I need some more help here, i am triying to launch my own kernel over each frame during the H264 decoding in cudaDecodeGL but it seems to be unable to modify anything and, even more, if i create a new variable like an uint32 for example, i am not able even to modify it and it always returns “0” to the host, just like if i try to modify de frame in the &pPBOData pointer to device memory where BGRA resulting frames are being decoded, the result is always the same, zeros as return from the device as if the kernel didnt execute anytime.
I don´t know if this is becouse of some cuContextLock or somthing like this that can be running in this example. I would apreciate it so much if someone can help me to understand why can´t I launch my own kernel inside the cudaDecodeGL example. It is so important to achieve that for my current project.
The variables are being allocated like this:
[codebox]
long int memSize = nWidthnHeight4;
cudaMallocHost( (void **)&g_bFrameData, memSize );
cuMemAlloc( &pPreviousDecodedFrame,memSize);
cuMemAlloc( &pResultFrame,memSize);[/codebox]

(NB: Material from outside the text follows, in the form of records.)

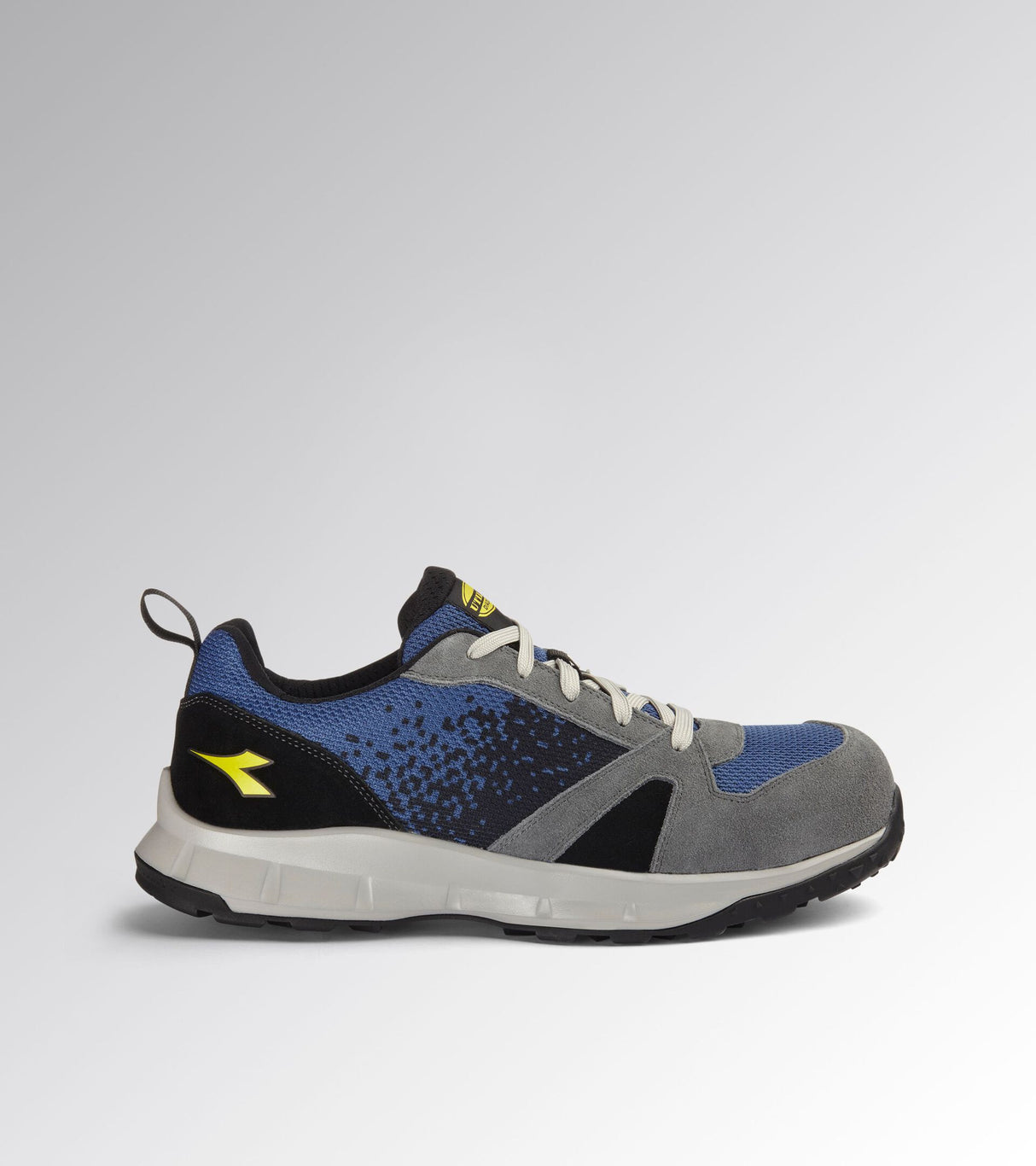 Diadora Utility LITE LOW S1PS FO SR HRO ESD - Scarpa antinfortunistica bassa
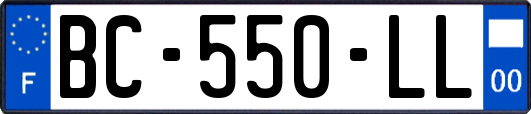 BC-550-LL
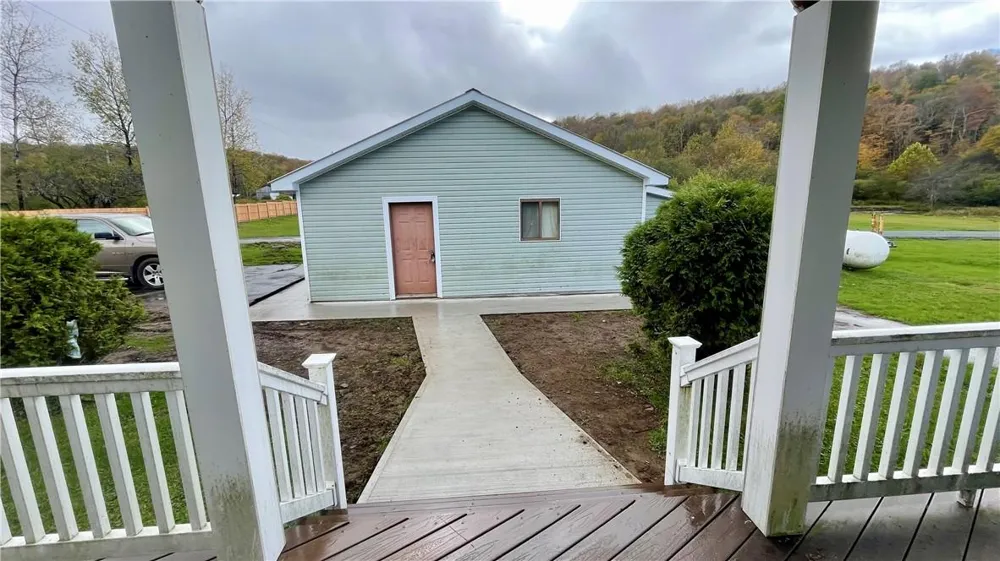 141 Bonnie Brook Road Roscoe, NY 12776
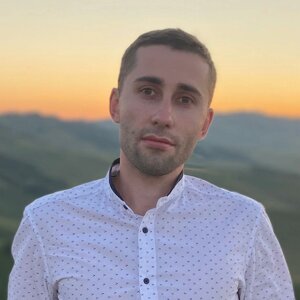 Станислав Разин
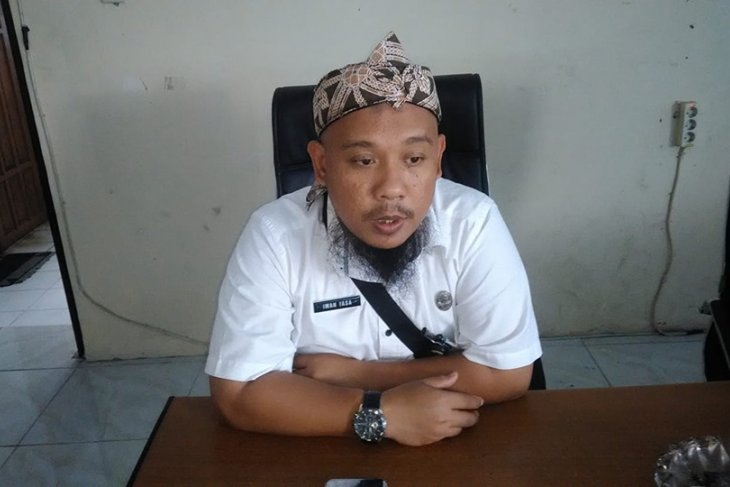 September, petani Lebak laksanakan gerakan tanam akhir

My kernel is launching this way:
[codebox]
g_pImageGL->map(&pPBOData, &nPBOPitch);
nPBOPitch = g_nWindowWidth * 4;
cudaPostProcessFrame(&pDecodedFrame, nDecodedPitch, &pPBOData, nPBOPitch, g_pCudaModule->getModule(), g_kernelNV12toARGB, g_KernelSID);
if(g_KernelSID)
{
CUresult error;
error = cudaLaunchMyKernel ( pPBOData ,pPreviousDecodedFrame ,pResultFrame ,g_bFrameData, nWidth, nHeight);[/codebox]
cudaLaunchMyKernel :
[codebox]// CUDA kernel for frame post-processing.
extern “C”
global void MyKernel(uint32 * decoded, unsigned char * previous, unsigned char * result)
{
int tx = threadIdx.x;
int ty = threadIdx.y;
int tz = threadIdx.z;
int bx = blockIdx.x;
int by = blockIdx.y;
// 16 16 x 16 = 256 80 4(bytes por pixel)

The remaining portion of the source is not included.